2024年4月19日(金)

海野素央のアイ・ラブ・USA

2016年6月22日

 西部コロラド州及びネバダ州といったヒスパニック系(中南米系)の有権者が多い激戦州では、トランプ候補は例の「国境の壁」発言により、苦戦を強いられると考えるのが妥当でしょう。従って、同候補は東部、中西部及び南部でルートを開拓することになります。いづれにしても、同候補の過半数270へのルートはかなり限られています。選挙人270を獲得するためには、共和・民主両党の候補は種々のルートを保持していることが不可欠なのです。

「揺れる州」と「オクトーバー・サプライズ(10月の驚く出来事)」

 トランプ候補と対戦するクリントン候補のルート270もみていきましょう。トランプ候補のルート270では、ロムニー候補の選挙人獲得数206をベースにして選挙人数を加算していきました。それに対して、クリントン候補の場合は、12年米大統領選挙でオバマ大統領が獲得した選挙人332から減算していきます。
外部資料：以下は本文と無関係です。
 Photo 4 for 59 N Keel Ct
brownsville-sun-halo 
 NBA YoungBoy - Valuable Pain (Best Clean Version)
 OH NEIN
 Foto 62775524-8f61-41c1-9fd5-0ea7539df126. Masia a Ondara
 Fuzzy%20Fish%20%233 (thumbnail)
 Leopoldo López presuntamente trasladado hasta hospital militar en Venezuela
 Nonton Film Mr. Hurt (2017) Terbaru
 オバマ大統領の選挙人獲得数332をベースに考えますと、クリントン候補には選挙人62(332-270=62)の貯金があります。極論を述べれば、激戦州の中の激戦州であるオハイオ州(18)とフロリダ州(29)の両州をたとえ落としても、選挙人の貯金は15(62-47=15)あるのです。それに加えて、ペンシルべニア州(20)まで落とすと、選挙人の貯金は一気に消えてトランプ候補に敗れることになります。フロリダ州(29)、ペンシルべニア州(20)及びミシガン州(16)の選挙人の合計は65なので、3州をセットで落とした場合も、米国史上初の女性大統領誕生は無くなります。
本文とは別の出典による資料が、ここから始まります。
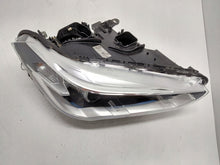 Laden Sie das Bild in den Galerie-Viewer, Frontscheinwerfer BMW X1 F48 7495004 Rechts Scheinwerfer Headlight SCH2897131703lh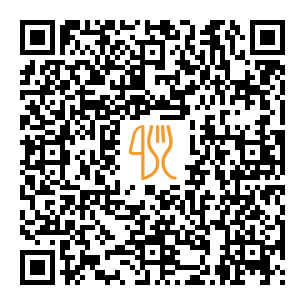 QR-code link naar het menu van Riz Nasi Ayam (medan Selera Batu 2)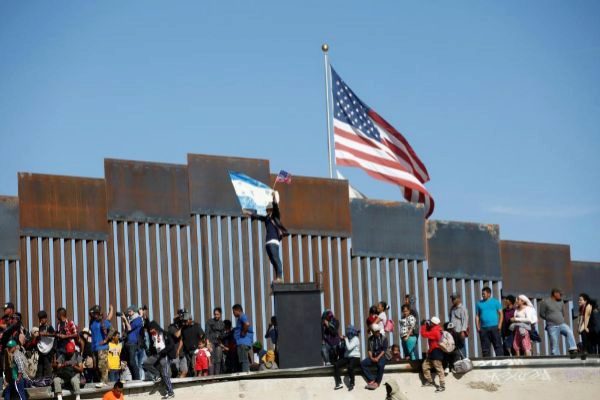 20230511 mex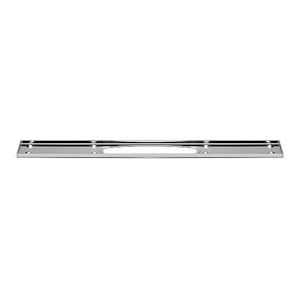 purus Kehys purus line 800mm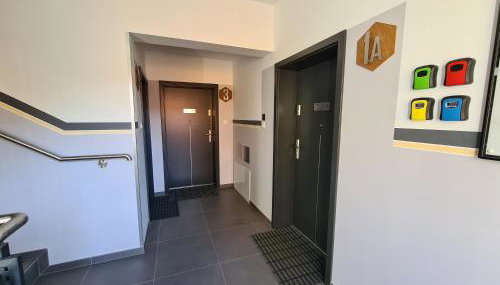 ApartHome K8 Centrum Sulęcin - Foto 4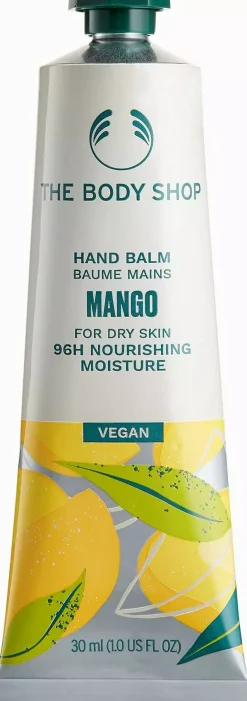 The Body ShopMango Hand Balm 30 ml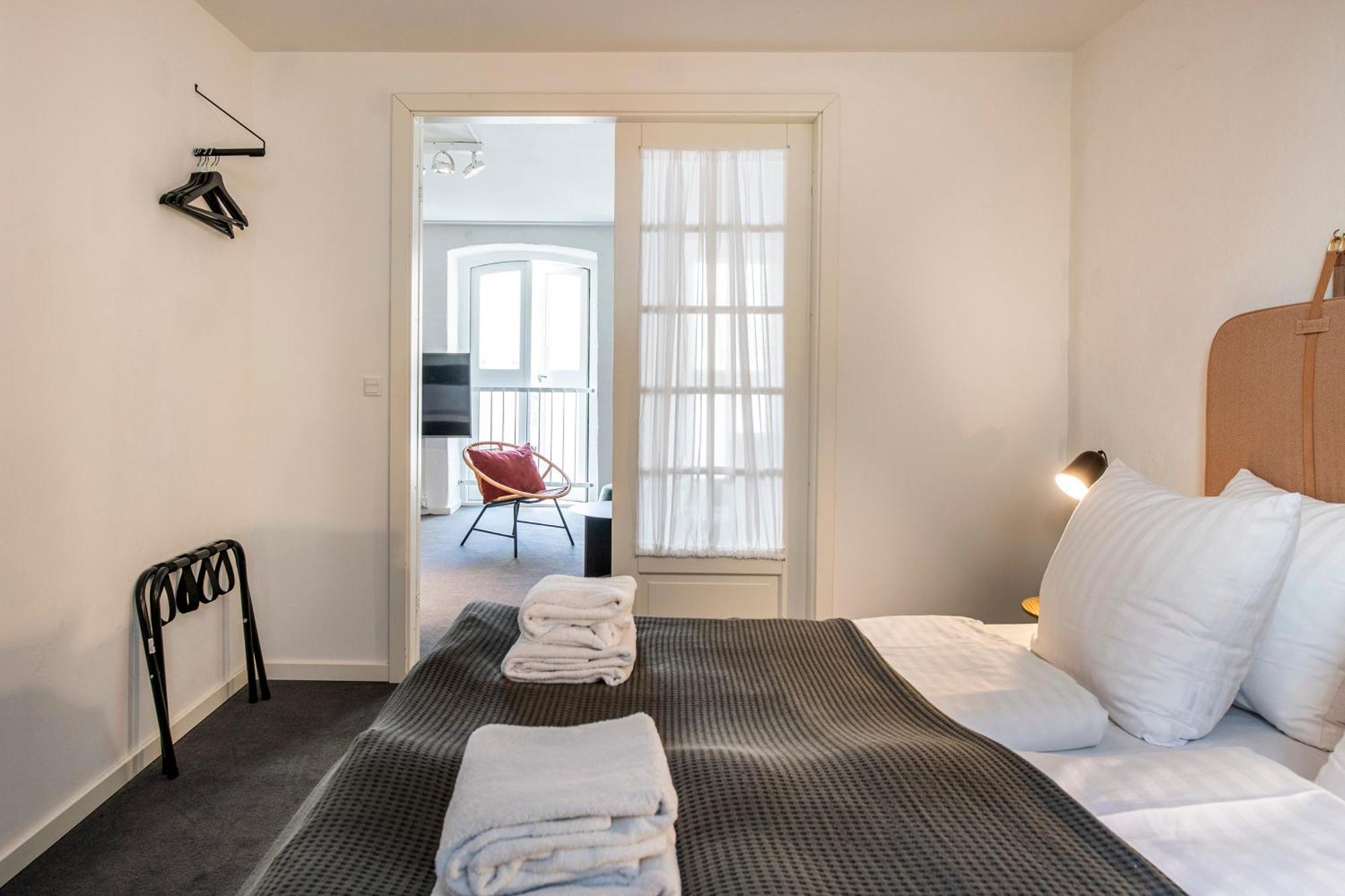 The Churchill By Daniel&jacob's * Kopenhagen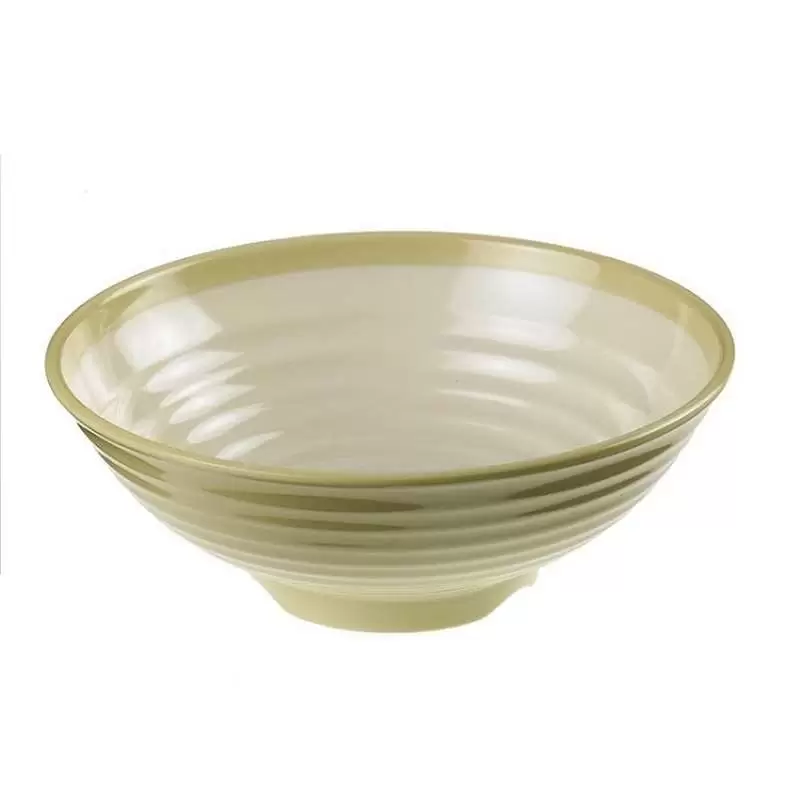 CIOTOLA TONDA IN MELAMINE – DIVERSI COLORI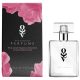 Obsessive Woody - perfume de feromonas (30 ml)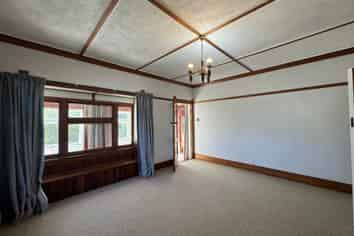 17 Mill Street, Marton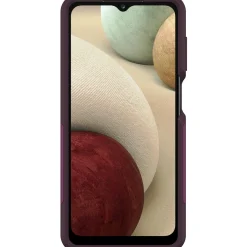 Commuter Series Lite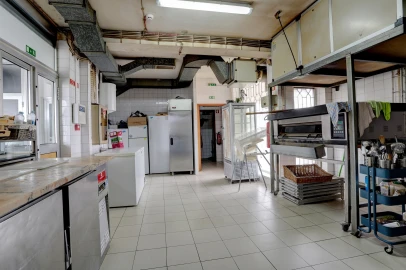 Loja para Venda em Vila do Conde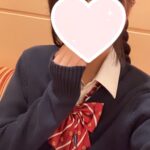 るるみです💖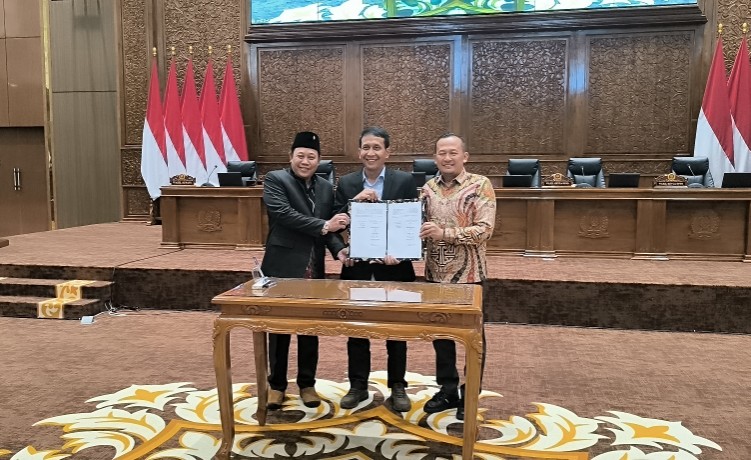 Img 20250704 151136 copy 751x460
 前で紹介したオバマ選対の地域マネジャーが、米国の地図を壁に映しながら、オハイオ州(18)とフロリダ州(29)の選挙人の合計47をたとえ獲得できなくても共和党候補に勝てる戦略を、ボランティアの運動員に説明していました。当時は、バージニア州(13)とノースカロライナ州(15)の南部2州がセットになり、両州の獲得が鍵を握っていました。しかし、民主党全国党大会が開催されたノースカロライナ州では、共和党が同州を奪還する可能性が高まったために、オバマ陣営は選挙人15以上を他州で確保しなければなりませんでした。結局、同陣営は、オハイオ州とフロリダ州のどちらかの州で勝利を収めなければならなかったのです。

 クリントン候補の場合、第1に08年及び12年米大統領選挙でオバマ大統領が勝利をしたペンシルベニア州並びにミシガン州を確保する必要があります。ことに、今回の本選では、クリントン候補がトランプ候補のペンシルべニア州を絡めたルートを断ち切ることが最大のポイントになるでしょう。具体的に述べますと、オハイオ州、フロリダ州及びペンシルべニア州のいずれかの州で勝てば、トランプ候補のルート1を切ることが可能になります。第2に、クリントン候補はバージニア州並びにニューハンプシャー州において有利に戦えば、トランプ候補の270へのルートをかなり狭めることができます。第3に、クリントン候補が前回の大統領選挙で共和党に奪還されたノースカロライナ州を取り戻せば、トランプ候補は同州の選挙人15をオハイオ州、フロリダ州、ペンシルべニア州、ミシガン州、バージニア州及びニューハンプシャー州以外の州で補う必要が出てきます。同候補の選挙人270の獲得を困難にすることができるのです。

 以上、トランプ・クリントン両候補の選挙人獲得のシミュレーションを行ってみました。ただ、国内テロや銃乱射事件に対して有効な手立てを講じることができない状態で本選が進み、投票日一カ月前ないし直前になって再びテロや銃の乱射が起きると、トランプ候補に有利に働く可能性は否定できません。というのは各種世論調査によりますと、テロに対する効果的な対応やリーダーシップの面で、トランプ候補はクリントン候補をリードしているからです。

 あってはならないことですが、投票日直前に赤い州や青い州ではなく、「揺れる州」で国内テロや銃乱射事件が発生した場合、トランプ候補は国内の安全保障に関して、クリントン候補とオバマ大統領が弱腰だと批判を一層強めるのは間違いありません。仮に、投票日1カ月前の10月に揺れる州で起きると、それが選挙戦に多大な影響を与える「オクトーバー・サプライズ」になります。これまでトランプ候補のテロに対する強硬策に対して疑問視してきた有権者がそれを「正」と捉えるようになるかもしれません。「オクトーバー・サプライズ」が有権者にパラダイムシフト(ものの見方の転換)を引き起こすのです。その時、クリントン候補は正念場を迎えることになるでしょう。